Bulgaria Socialist Leader Boycotts Budget Vote
Finance | November 17, 2009, Tuesday
"Apparently any debate or dialogue with this majority is impossible," leader of the Bulgarian Socialist Party and former Prime Minister Sergey Stanishev told journalists on Tuesday. Photo by BGNES
The leader of the Bulgarian Socialist Party and former Prime Minister Sergey Stanishev has admitted to skipping the parliamentary session, which adopted at first reading the budget bill for next year without much debate.
"It is the obligation of the majority to defend what they propose. This is the first time that the rulers dare skip this," said Stanishev, whose party was forced out of office after the center-right GERB party swept the July elections.
"I expected to hear opinions and see whether there is a point in debating.
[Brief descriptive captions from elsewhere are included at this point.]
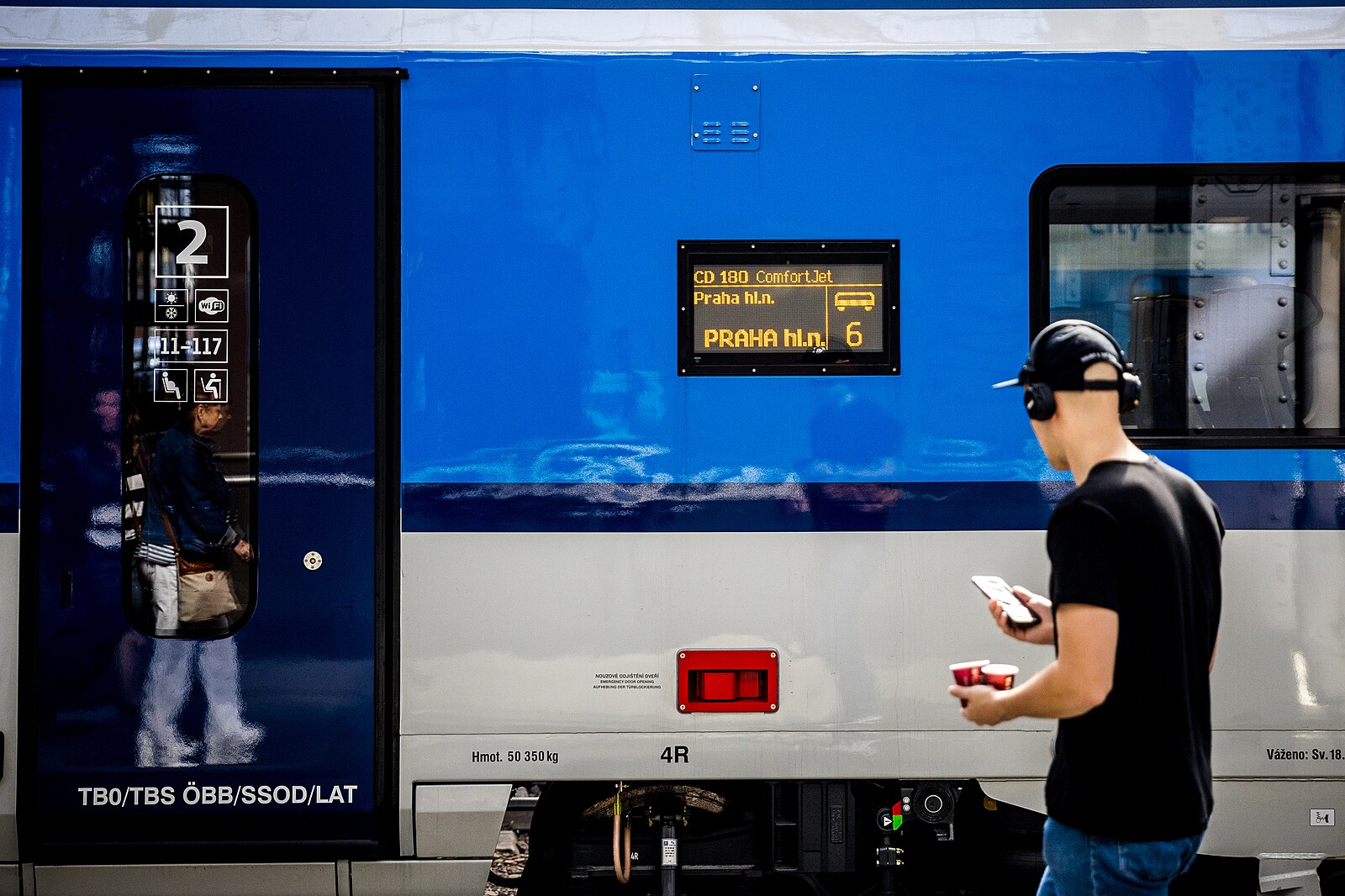 Víc vlaků do Budějovic a návrat skupinové slevy. Dráhy představily nový jízdní řád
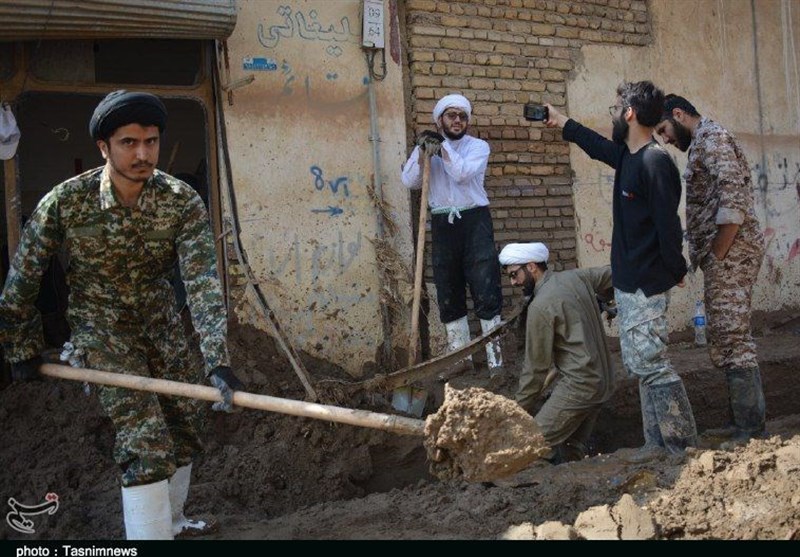 لایروبی و پاکسازی روستاهای آق‌قلا توسط بسیج سازندگی اصفهان رو به اتمام است
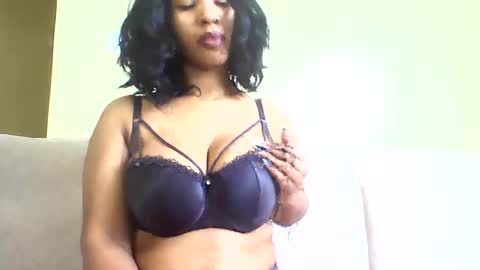 Snapshot of sweetveee chatting on 07-13-26, 10:18 Vee online show from 07-13-26, 10:18
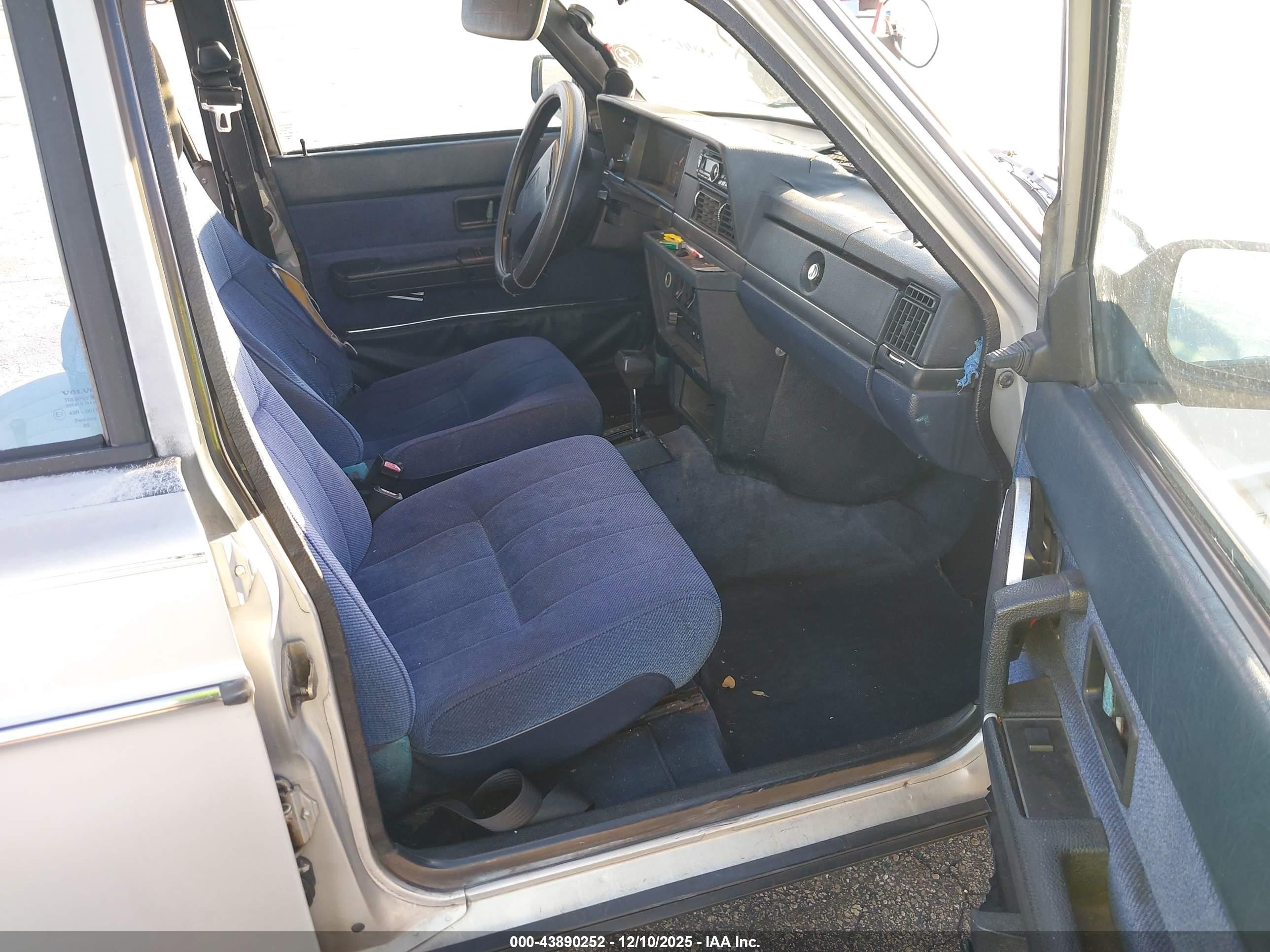 1990 Volvo 240 Dl Серебряный vin: YV1AA8846L1404467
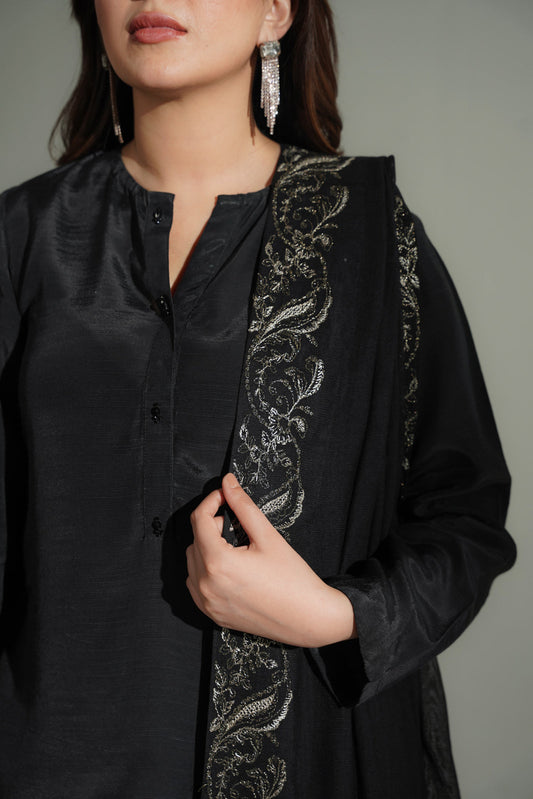 1 Piece Khadi Net Embroidered Shawl (FH0027)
Apparently any debate or dialogue with this majority is impossible," he added.
According to Stanishev the budget bill for next year is totally meaningless since the government has vowed to review it once again in the middle of 2010, when the economic parameters of the country and the spending side of the budget will be clear.
"Judging by the statements of the prime minister, budget 2009 will remain in use next year. He says everyone can spend as much as they want by the summer and then they will think what to do," Stanishev fumed.
The government has set a fiscal deficit at BGN 465,7 M or 0,7% of GDP next year but will target a zero gap in a bid to speed up euro zone entry.
The budget draft put spending at BGN 26,86 B and revenues at BGN 26,4 B, which are expected to include BGN 20,9 B in tax revenue and BGN 3,4 B in non-tax revenue.
Aid, the main share of which will come from the EU budget, is planned at BGN 2 M.
The government expects the economy to shrink by 2% next year after contracting by 6,3% in 2009.
Foreign investments, which collapsed this year from BGN 6,5 B to BGN 3 B, have been penciled in at BGN 3,3 B.
Excise duties on cigarettes will be raised 43% next year in a bid to curb smoking, relieve the health care system and redirect more money to it.
The tax policy remains unchanged. The social security burden will be cut by 2 percentage points to help businesses and protect jobs.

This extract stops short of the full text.